RE: schema.org and ONIX... AND THEMA

Okay, we're in synch, Phil--thanks! I think the only question is the schema.org issue, which is what started this thread. Maybe ONIX is the right fit there; I'm certainly open to that. But my guess is that there would need to be an extremely complicated discussion of what to include and what to leave out, and I can see that becoming a bit of a black hole. . . . ;-)

A solution that associates an ONIX record with a document (like EPUB does) might be a simple solution, but that is not what schema.org is looking for, unless I'm misunderstanding. I still think, because Thema is a global subject vocabulary, there will be a strong inclination for schema.org to say "that works for our purposes."
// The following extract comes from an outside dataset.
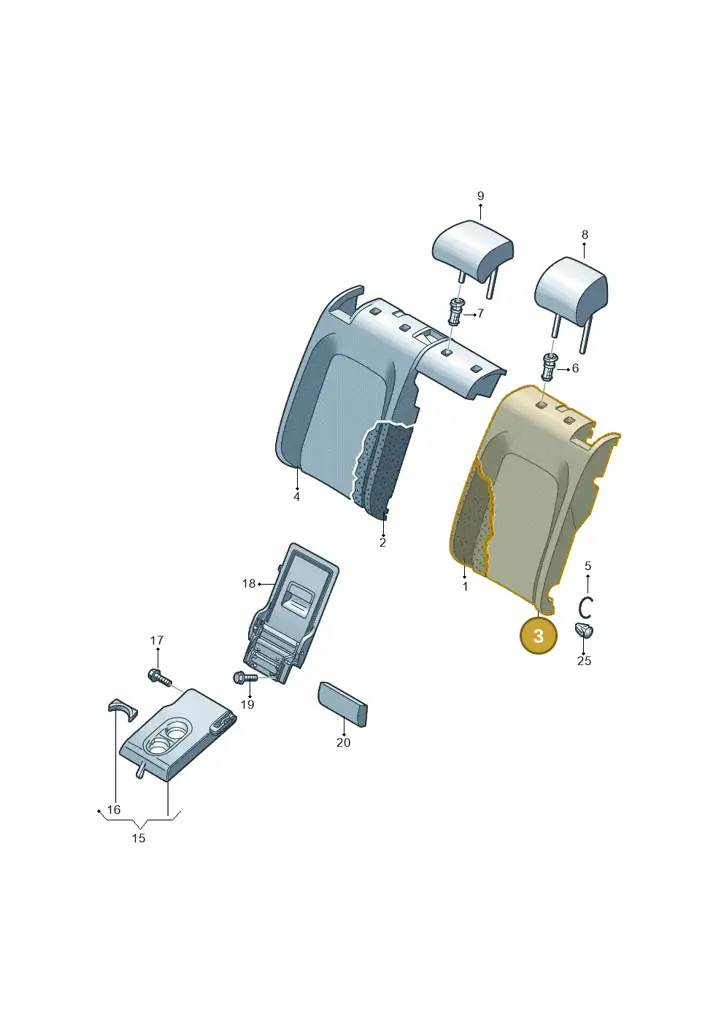10A885805JVWA — Volkswagen ID.3 Pro (2019-2024) diagram 813885800, position 3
BTW we are having _exactly_ this same problematic discussion in the EDUPUB world, where the LRMI metadata in schema.org has been deemed insufficient by IMS Global, who advocates a MUCH more extensive vocabulary--because they are in the thick of all the nuances and distinctions needed for educational content. Just as you're saying Thema is really not rich enough for you, IMS Global is saying LRMI (thus schema.org) doesn't work for them, is not rich enough for them. I'm sure the magazine folks will say the same thing about hrecipe (again, schema.org).

--Bill

-----Original Message-----
From: Madans, Phil [mailto:Phil.Madans@hbgusa.com] 
Sent: Tuesday, April 08, 2014 12:33 PM
To: Bill Kasdorf; Ivan Herman
Cc: W3C Digital Publishing IG
Subject: RE: schema.org and ONIX... AND THEMA

Bill,

I absolutely agree with you about ONIX--see my comments on the interviews you had about it. But if you really want to get down to the chapter level, I do think you are going to need something more granular and contextually relevant than Thema.  Thema is a subject classification for the product. It was based on BIC and is not any more streamlined than BISAC. I've worked with it.  We are implementing it here.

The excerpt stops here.